The T-cell costimulation blocking agent belatacept is considered as possible substitute for calcineurin inhibitors, however, no consensus has been established against its standard immunusuppressive drug Tacrolimus.

Research motivation

To find the alternative to current immunosuppressive medicine tacrolimus because of its high toxic adverse effects.

Research objectives

To understand the effectiveness of belatacept based maintenance immunosuppressive regimens in comparison to tacrolimus in renal transplantion through meta-analysis.

Research methods

The present meta-analysis was conducted following completion of registration (CRD42018086032) in Prospero an international database of prospectively registered systematic reviews.
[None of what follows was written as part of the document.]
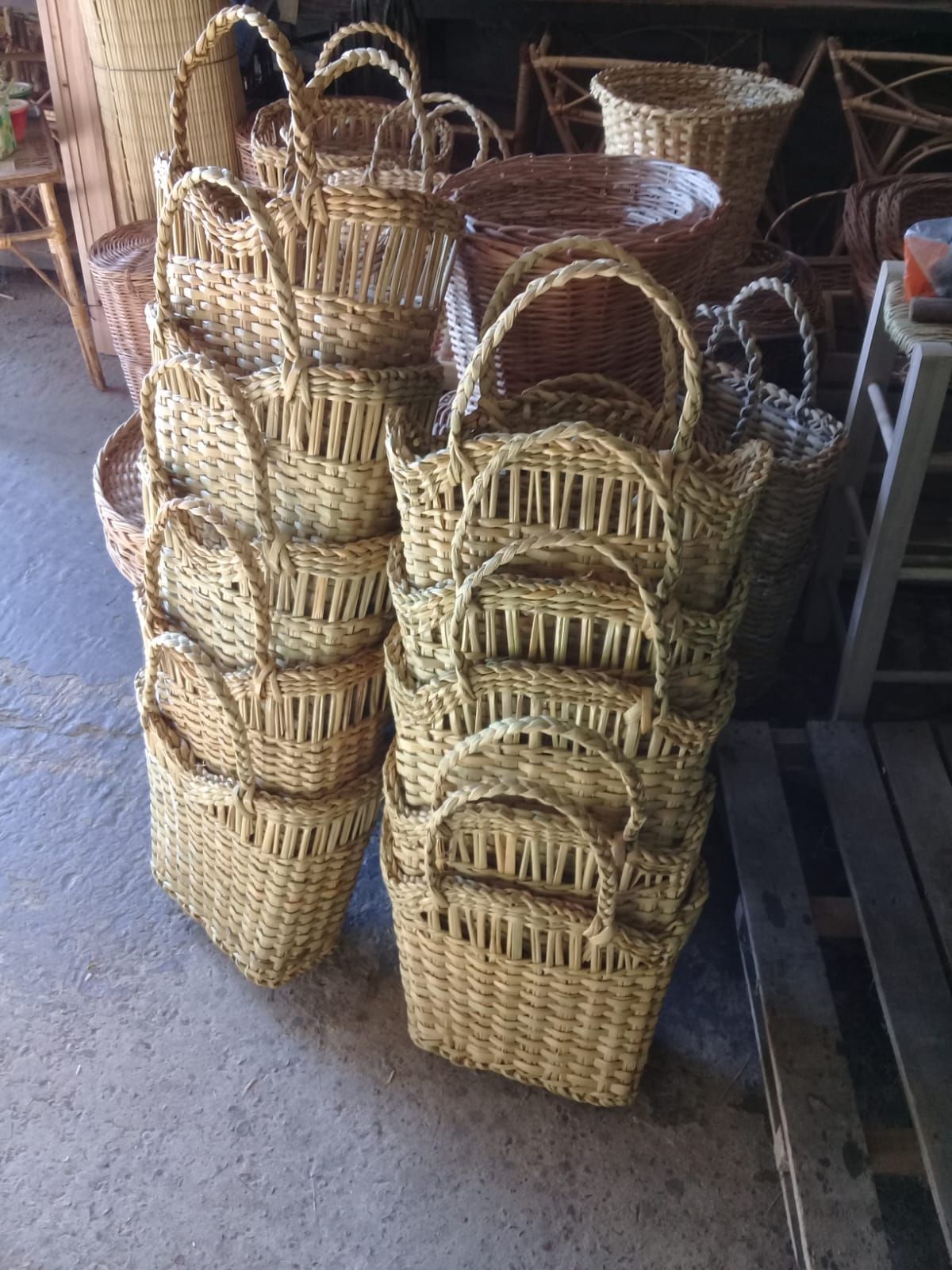 Dos pilas de cestas tejidas de color marrón claro con asas arqueadas reposan en un taller de estilo rústico.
A detailed literature search was made on National Library of Medicine Database (PubMed), Embase, Cochrane, Crossref, Scopus databases, clinical trial registries on December 5, 2018 to determine the immunosuppressive role of belatacept as an alternative to Tac and analyis of data was performed through The Cochrane Collaboration, Review Manager (RevMan) Version 5.3.

Research results

The literature search revealed four prospective randomized control studies (n = 173 participants) comparing belatacept with tacrolimus. There was no significant difference in estimated renal function at 12 mo [mean difference 4.12 mL/min/1.73 m2, confidence interval (CI): -2.18 to 10.42, P = 0.20]. Further, belatacept group was associated with significant increase in biopsy proven acute rejection [relative risk (RR) = 3.27, CI: 0.88 to 12.11, P = 0.08] and worse 12 mo allograft survival (RR = 4.51, CI: 1.23 to 16.58, P = 0.02). Although, the incidence of new onset diabetes mellitus was lower with belatacept at 12 mo (RR = 0.26, CI: 0.07 to 0.99, P = 0.05).

Research conclusions

The meta-analysis demonstrated that belatacept-based maintenance immuno-suppression regimens were associated with an increased risk allograft loss in renal transplant recipients with equivalent renal functioning against standard tacrolimus. Further, the inclusion of belatacept as routine immunosuppresive agent in renal transplantation has been thwarted by increased rates of rejection and resistance owing to development of various effector memory T cells through, parallel differentiation and immunological plasticity.

Research perspectives

Study required to determine the safety and efficacy of belatacept in the setting of immunological sensitization and to better elucidate the mechanism of resistance and development of therapeutic strategies with focus on adhesion molecule blockade or abrogation of memory-specific responses.